To perform row reduction on a matrix, we have to complete a sequence of elementary row operations to transform the matrix till we get 0s (i.e., zeros) on the lower left-hand corner of the matrix as much as possible. That means the obtained matrix should be an upper triangular matrix.

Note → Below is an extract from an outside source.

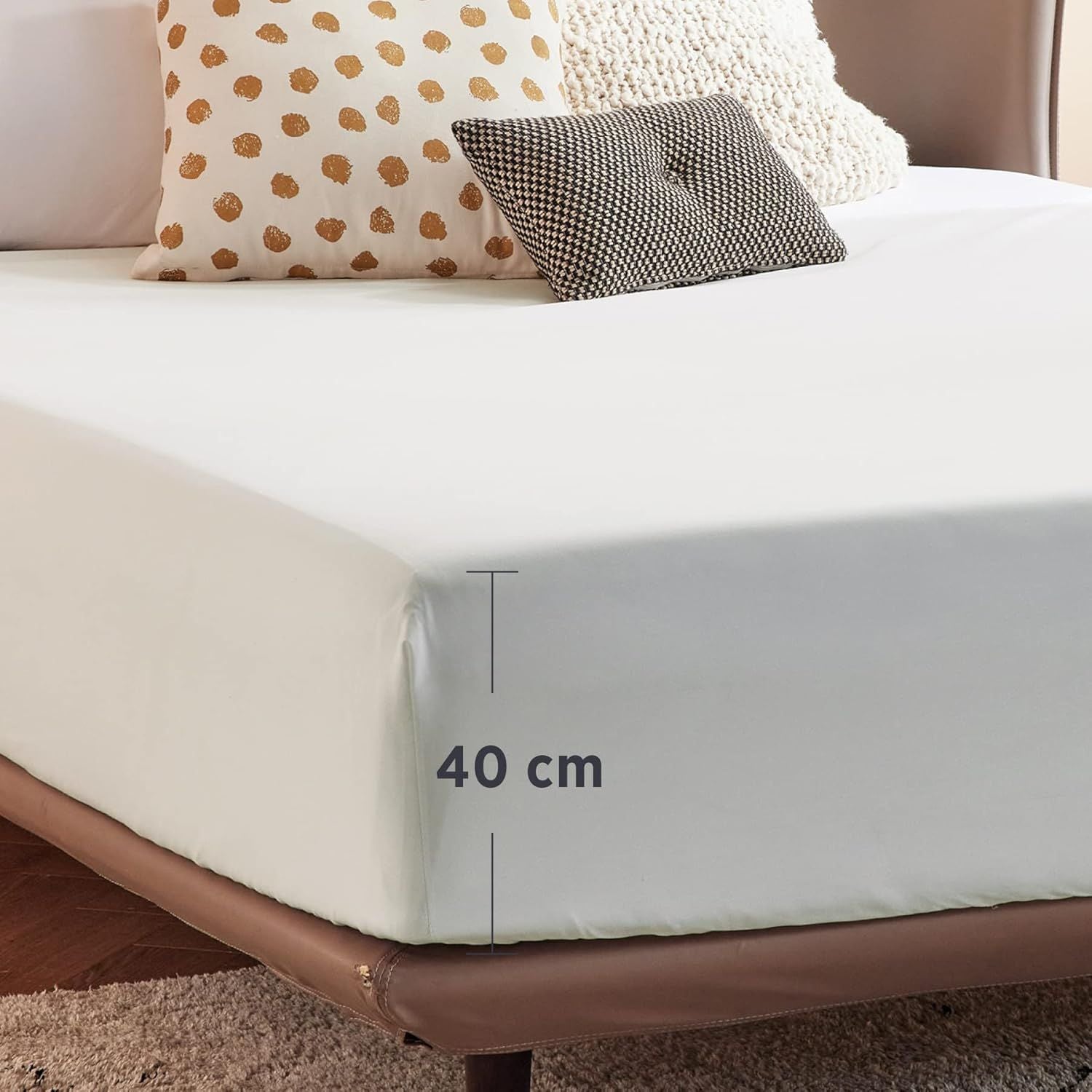 2000TC Hotel Quality Fitted Sheets - 2 Piece Fitted Sheets  -Breathable Bedding - Wrinkle, Fade, Stain Resistant- 16inch/40cm Deep Pocket Fitted Bed Sheets-Wrinkle and Fade Resistant,(White,Single)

There are three types of elementary row operations:

  • Swapping two rows and this can be expressed using the notation ↔, for example, $R_2$$R_3$
  • Multiplying a row by a nonzero number, for example, $R_1 → kR_2$ where k is some nonzero number
  • Adding a multiple of one row to another row, for example, $R_2 → R_2 + 3R_1$

Inverse with Gauss-Jordan Elimination

Gauss-Jordan Elimination is an algorithm that can be used to solve systems of linear equations and to find the inverse of any invertible matrix. It relies upon three elementary row operations one can use on a matrix:

  • Swap the positions of two of the rows.
  • Multiply one of the rows by a nonzero scalar.
  • Add or subtract the scalar multiple of one row to another row.

Reduced-row echelon form

The purpose of Gauss-Jordan Elimination is to use the three elementary row operations to convert a matrix into reduced-row echelon form. A matrix is in reduced-row echelon form, also known as row canonical form, if the following conditions are satisfied:

  1. All rows with only zero entries are at the bottom of the matrix
  2. The first nonzero entry in a row, called the leading entry or the pivot, of each nonzero row is to the right of the leading entry of the row above it.
  3. The leading entry, also known as the pivot, in any nonzero row is 1.
  4. All other entries in the column containing a leading 1 are zeroes.

Example

$$A = \begin{bmatrix} 1 &0 &0 \\ 0 &1 &3 \\ 0 &0 &0 \end{bmatrix}$$

$$B = \begin{bmatrix} 1 &0 &0 \\ 0 &1 &0 \\ 0 &0 &1 \end{bmatrix}$$

$$C = \begin{bmatrix} 0 &7 &3 \\ 1 &0 &0 \\ 0 &0 &0 \end{bmatrix} $$

$$D = \begin{bmatrix} 1 &7 &3 \\ 0 &1 &0 \\ 0 &0 &1 \end{bmatrix} $$

Matrices A and B are in reduced-row echelon form, but matrices C and D are not. C is not in reduced-row echelon form because it violates conditions two and three. D is not in reduced-row echelon form because it violates condition four. In addition, the elementary row operations can be used to reduce matrix D into matrix B.

Algorithm

  1. Swap the rows so that all rows with all zero entries are on the bottom
  2. Swap the rows so that the row with the largest, leftmost nonzero entry is on top.
  3. Multiply the top row by a scalar so that top row's leading entry becomes 1.
  4. Add/subtract multiples of the top row to the other rows so that all other entries in the column containing the top row's leading entry are all zero.
  5. Repeat steps 2-4 for the next leftmost nonzero entry until all the leading entries are 1.
  6. Swap the rows so that the leading entry of each nonzero row is to the right of the leading entry of the row above it.